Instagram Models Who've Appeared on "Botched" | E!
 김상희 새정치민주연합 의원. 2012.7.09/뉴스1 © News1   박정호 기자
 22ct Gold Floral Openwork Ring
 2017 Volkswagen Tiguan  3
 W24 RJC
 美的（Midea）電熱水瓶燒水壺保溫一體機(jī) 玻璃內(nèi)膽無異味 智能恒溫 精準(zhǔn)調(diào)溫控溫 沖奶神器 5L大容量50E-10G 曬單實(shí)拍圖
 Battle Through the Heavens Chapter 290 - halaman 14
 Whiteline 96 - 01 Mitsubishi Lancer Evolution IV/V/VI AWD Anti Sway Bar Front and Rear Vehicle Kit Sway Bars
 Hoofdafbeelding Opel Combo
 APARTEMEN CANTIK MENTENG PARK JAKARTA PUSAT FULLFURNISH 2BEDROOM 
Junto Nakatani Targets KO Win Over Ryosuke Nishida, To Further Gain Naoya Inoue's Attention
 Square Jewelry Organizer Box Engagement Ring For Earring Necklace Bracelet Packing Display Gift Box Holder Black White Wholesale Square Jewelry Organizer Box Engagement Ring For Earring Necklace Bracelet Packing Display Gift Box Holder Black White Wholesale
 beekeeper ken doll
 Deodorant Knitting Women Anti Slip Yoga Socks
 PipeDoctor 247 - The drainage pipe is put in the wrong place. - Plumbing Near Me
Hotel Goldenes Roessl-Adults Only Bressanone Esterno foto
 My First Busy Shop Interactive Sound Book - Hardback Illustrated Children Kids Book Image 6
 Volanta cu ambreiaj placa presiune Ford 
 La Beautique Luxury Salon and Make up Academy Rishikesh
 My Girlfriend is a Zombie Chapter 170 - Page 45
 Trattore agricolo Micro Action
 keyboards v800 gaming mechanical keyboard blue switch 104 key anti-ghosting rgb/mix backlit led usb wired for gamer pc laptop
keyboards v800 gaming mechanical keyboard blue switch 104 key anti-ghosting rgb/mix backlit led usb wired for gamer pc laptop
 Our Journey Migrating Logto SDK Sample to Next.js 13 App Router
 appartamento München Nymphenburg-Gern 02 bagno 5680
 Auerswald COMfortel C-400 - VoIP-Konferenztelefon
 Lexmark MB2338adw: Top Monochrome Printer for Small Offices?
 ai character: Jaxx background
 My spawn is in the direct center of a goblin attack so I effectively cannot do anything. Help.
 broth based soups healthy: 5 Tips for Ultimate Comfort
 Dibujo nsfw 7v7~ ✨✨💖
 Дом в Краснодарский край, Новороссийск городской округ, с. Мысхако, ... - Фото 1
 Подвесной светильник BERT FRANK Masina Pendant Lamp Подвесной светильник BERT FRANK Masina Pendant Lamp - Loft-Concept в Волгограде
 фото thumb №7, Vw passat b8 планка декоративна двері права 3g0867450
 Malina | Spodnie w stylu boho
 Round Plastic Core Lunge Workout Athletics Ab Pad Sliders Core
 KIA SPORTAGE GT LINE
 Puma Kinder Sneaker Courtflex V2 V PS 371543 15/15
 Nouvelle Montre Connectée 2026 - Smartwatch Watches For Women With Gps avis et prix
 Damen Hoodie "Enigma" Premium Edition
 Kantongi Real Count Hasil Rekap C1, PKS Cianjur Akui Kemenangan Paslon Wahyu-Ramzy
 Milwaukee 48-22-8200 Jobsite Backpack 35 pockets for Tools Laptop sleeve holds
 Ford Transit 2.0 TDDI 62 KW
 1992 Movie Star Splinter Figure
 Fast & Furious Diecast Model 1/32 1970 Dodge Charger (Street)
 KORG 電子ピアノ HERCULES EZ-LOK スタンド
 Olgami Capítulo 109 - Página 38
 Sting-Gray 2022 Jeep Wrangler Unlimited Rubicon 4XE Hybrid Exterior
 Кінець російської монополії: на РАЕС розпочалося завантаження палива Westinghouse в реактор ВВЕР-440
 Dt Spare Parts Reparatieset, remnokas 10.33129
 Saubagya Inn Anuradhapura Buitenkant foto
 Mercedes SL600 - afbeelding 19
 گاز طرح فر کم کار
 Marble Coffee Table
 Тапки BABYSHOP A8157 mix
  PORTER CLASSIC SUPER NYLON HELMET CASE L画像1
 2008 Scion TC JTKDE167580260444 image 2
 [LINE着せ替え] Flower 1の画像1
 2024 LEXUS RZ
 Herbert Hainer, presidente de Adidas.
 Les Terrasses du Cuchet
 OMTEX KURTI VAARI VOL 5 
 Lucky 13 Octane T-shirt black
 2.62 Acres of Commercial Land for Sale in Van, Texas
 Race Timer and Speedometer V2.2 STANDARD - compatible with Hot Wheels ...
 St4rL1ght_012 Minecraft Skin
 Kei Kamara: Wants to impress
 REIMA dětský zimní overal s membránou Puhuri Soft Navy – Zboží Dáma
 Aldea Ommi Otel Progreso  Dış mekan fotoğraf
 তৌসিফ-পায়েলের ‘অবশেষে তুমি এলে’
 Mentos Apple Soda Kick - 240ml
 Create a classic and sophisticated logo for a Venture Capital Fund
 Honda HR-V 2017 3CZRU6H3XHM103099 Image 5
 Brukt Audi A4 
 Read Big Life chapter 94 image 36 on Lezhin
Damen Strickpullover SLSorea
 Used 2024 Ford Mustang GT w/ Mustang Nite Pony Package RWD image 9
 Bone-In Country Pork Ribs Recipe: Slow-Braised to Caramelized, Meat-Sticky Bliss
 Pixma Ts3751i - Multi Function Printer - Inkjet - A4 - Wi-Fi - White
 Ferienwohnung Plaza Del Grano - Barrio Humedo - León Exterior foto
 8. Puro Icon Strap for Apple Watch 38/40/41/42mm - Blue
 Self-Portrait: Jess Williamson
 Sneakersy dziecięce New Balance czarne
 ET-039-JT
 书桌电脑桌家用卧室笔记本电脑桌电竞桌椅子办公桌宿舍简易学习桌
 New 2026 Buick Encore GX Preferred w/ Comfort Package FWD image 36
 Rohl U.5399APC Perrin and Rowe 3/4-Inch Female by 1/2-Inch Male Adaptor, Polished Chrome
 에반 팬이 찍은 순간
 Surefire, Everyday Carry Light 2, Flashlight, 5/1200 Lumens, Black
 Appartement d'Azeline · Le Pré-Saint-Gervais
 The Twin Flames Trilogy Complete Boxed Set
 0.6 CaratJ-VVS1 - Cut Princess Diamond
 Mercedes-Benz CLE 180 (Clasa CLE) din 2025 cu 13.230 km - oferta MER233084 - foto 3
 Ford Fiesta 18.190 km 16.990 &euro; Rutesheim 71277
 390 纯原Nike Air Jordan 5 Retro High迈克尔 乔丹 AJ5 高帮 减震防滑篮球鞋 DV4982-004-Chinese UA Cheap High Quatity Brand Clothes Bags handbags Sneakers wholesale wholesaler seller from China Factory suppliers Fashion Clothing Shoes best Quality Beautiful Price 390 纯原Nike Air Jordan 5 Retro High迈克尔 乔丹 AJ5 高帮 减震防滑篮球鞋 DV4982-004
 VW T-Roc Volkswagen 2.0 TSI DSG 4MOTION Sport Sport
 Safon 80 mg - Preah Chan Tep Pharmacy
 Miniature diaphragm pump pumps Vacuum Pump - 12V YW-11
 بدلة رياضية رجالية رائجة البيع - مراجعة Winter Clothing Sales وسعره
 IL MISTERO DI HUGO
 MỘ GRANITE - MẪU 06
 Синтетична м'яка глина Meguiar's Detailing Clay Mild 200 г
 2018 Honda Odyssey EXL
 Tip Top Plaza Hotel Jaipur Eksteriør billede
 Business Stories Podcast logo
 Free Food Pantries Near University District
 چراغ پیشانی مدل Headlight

▶ Problem to work on
In the material above, transcribe exactly the lines beginning at the one with "Тапки BABYSHOP A8157 mix" and ending at the one with "Kei Kamara: Wants to impress", both included.

▶ Reply
 Тапки BABYSHOP A8157 mix
  PORTER CLASSIC SUPER NYLON HELMET CASE L画像1
 2008 Scion TC JTKDE167580260444 image 2
 [LINE着せ替え] Flower 1の画像1
 2024 LEXUS RZ
 Herbert Hainer, presidente de Adidas.
 Les Terrasses du Cuchet
 OMTEX KURTI VAARI VOL 5 
 Lucky 13 Octane T-shirt black
 2.62 Acres of Commercial Land for Sale in Van, Texas
 Race Timer and Speedometer V2.2 STANDARD - compatible with Hot Wheels ...
 St4rL1ght_012 Minecraft Skin
 Kei Kamara: Wants to impress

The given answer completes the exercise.